The way we see color today is shaped by events from 35 million years ago, when some nocturnal primates shifted to a diurnal lifestyle, and began to seek out leaves and fruits by day instead of insects and other prey by night. That evolutionary change shaped primate eyesight to better recognize the colors associated with their favorite new foods, and that’s the reason human retinas today are particularly sensitive to shades of green, and respond so well to red and blue. In fact, one of the main tools for processing color in digital photography today is based on the RGB model—which stands for Red, Green and Blue—and is rooted in a long-established theory about the human perception of those fundamental three colors.
The walkways that have been built in rain-forest canopies around the world during the past two decades provide wonderful opportunities to experience and photograph the arboreal world where primate eyesight evolved. With my wife and partner, Chris Eckstrom, I had traveled to one of them, a swaying aerial bridge strung up in a magnificent cloud forest in Costa Rica, for a National Geographic assignment about the boundaries of biodiversity.
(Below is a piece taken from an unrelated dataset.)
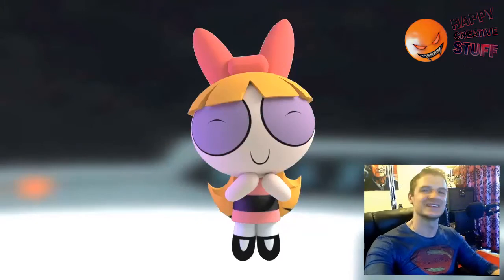Hey and welcome to another exciting episode of Happy Creative Stuff. This is another video about the 3D Powerpuff Girl animation that I did. Here's a little taste of what we ended up with.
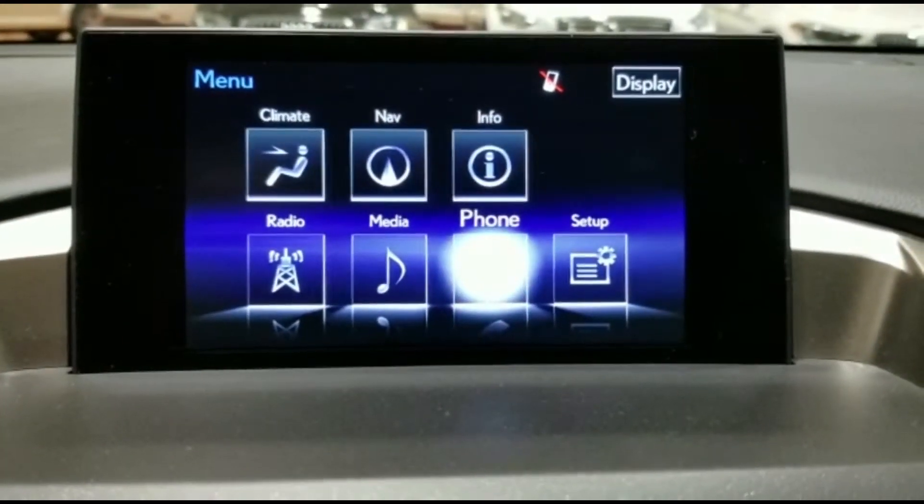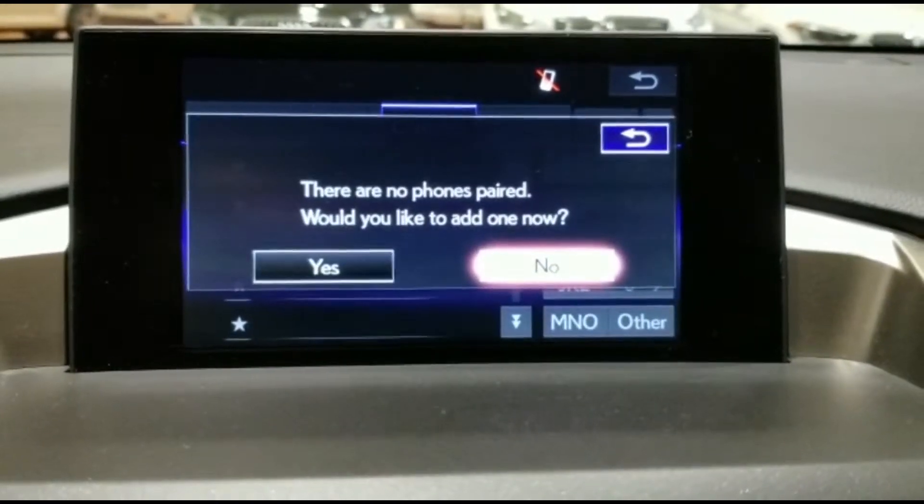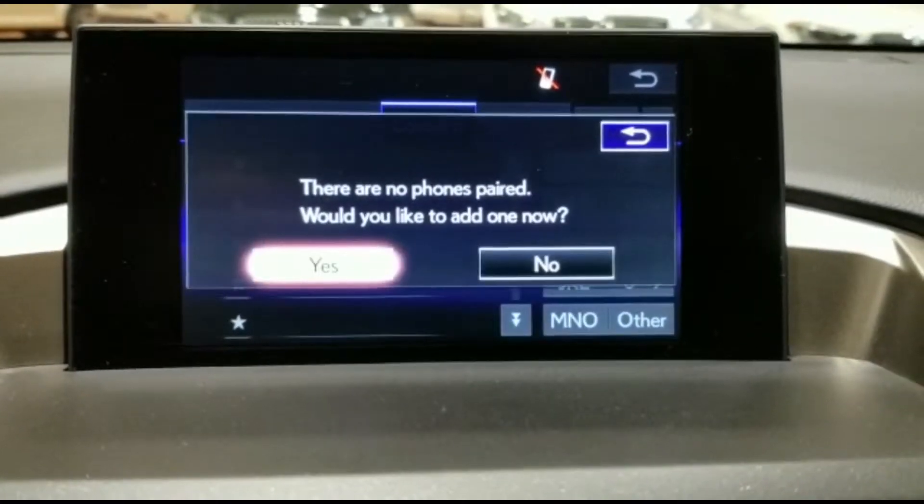Go to menu, then click on phone, and then it will ask you would you like to add one now. Click on yes.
One morning we went out after a night of heavy rain, which had refreshed all colors in the forest. As Chris walked ahead of me in her red rain jacket, I was well aware of the potent effect of combining red and green in color designs, but then I noticed other things coalescing as well. When she walked off into the distance to a point where the walkway cables appeared to come together, she became a focal point in more ways than one. As a subject, she combined a familiar outline with the unfamiliar world of the rain forest; she was framed in a composition where all elements converge; and she accentuated a color scheme that goes to the heart of our primate perception.